Эта картина — немой крик. Мария стоит перед Питером, держа на руках ребенка, который пытается ухватить отца за бороду или за плечо. Бело-красное полотно воспринимается в полутемной мастерской как взрыв. Вифлеем ли это, или земля вообще, или наша собственная страна? Марии кажется, что она находится в Вифлееме, в момент этой резни, среди женщин, которых уже ничто не утешит. Однако Питер не просто рисует так, как если бы сам видел происходившее при Ироде. Легко поверить, что он видел и то, чему вскоре предстоит случиться здесь.
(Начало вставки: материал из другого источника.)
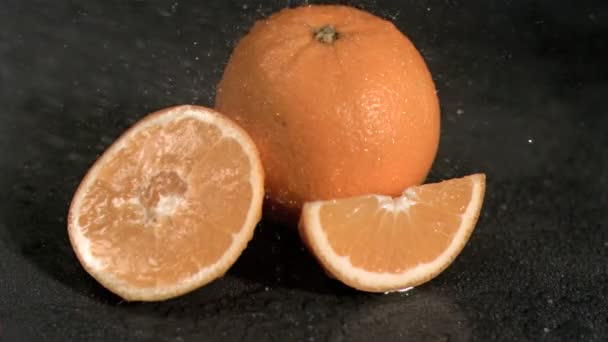Вода падает на апельсины в замедленной съемке — стоковое видео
Эти солдаты Кесаря — не римляне, но испанцы. Этот тощий бледный кавалер, командующий ими, сейчас застыл неподвижно, как судья перед костром еретика, кавалер с длинной седой бородой, спускающейся на кирасу, — Брейгель знает, что еще увидит его лицо на здешних заснеженных улицах.
Картина-гризайль, написанная в те же годы, изображает Христа и грешницу. Христос облачен в просторную рубаху и, низко наклонившись, что-то пишет на земле. Рубаха сияет такой сверхъестественной белизной, что освещает песок, на котором Он выводит слова, платье и лицо женщины, приговоренной к смерти, но оставшейся в живых; освещает даже старика-обвинителя, только что выпустившего из руки камень (его ладонь до сих пор раскрыта). На талесах и ефодах книжников и фарисеев (у одного из них к поясу подвешен фонарь, пламя которого совершенно незаметно в лучах сверхъестественного света) начертаны какие-то еврейские письмена. Но Христос чертит перстом на песке: DIE SONDER SONDE IS DIE… — кто из вас без греха, первый брось в нее камень.[108] Мог ли Брейгель взяться за такой сюжет, не думая обо всех убийцах и палачах, оправдывающих свои действия именем Христовым? Однако эта картина — прежде всего его, Брейгеля, размышление. Он писал ее для себя. Разве не подобает ему прощать и тех, кто не прощает?
Эта женщина подобна овечке, которую добрый пастырь несет на плечах, спасает. Она олицетворяет всё человечество, которое тоже есть заблудшая овца и которому предстоит восстать во славе, преодолев смерть и сбросив с себя оковы времени. Она истекала кровью в ночи, но Христос поднял ее и осветил своим солнечным сиянием. Христос дал Самарянке Свое Слово — воду живую. А этой женщине, которая должна была умереть, Он подарил жизнь. У нее лицо Евы, уже познавшей запретный плод. Она — само человечество. Книжники и фарисеи, приведшие ее к Христу, хотели заманить Его в ловушку. Но Он — тот, кто прощает. И Он говорит: «Я свет миру; кто последует за Мною, тот не будет ходить во тьме, но будет иметь свет жизни».[109]
Глава двенадцатая
Нищенская сума и чаша для подаяния
Граф Эгмонт отправился в Испанию, чтобы довести до сведения короля пожелания своих соотечественников. Он возложил на себя эту миссию по поручению Совета. И уехал в январе, в минувшем году. Бредероде, Нуаркам, Кулембург, Хогстратен и многие фламандские вельможи сопровождали его до Камбре. Там на прощание устроили несколько банкетов. Увидятся ли они вновь? Когда он скрылся из виду за деревьями, его друзья скрепили своей кровью торжественную клятву: они отомстят за любое зло, какое — не дай бог! — будет ему причинено. Дело в том, что он должен был пожаловаться королю на чрезмерные налоги, преступления инквизиторов, слишком долгое пребывание в Нидерландах испанских войск и дать Государю понять: деятельность инквизиции в принципе несовместима с обычаями страны; Семнадцать Провинций не в силах более терпеть столь жестокое обращение.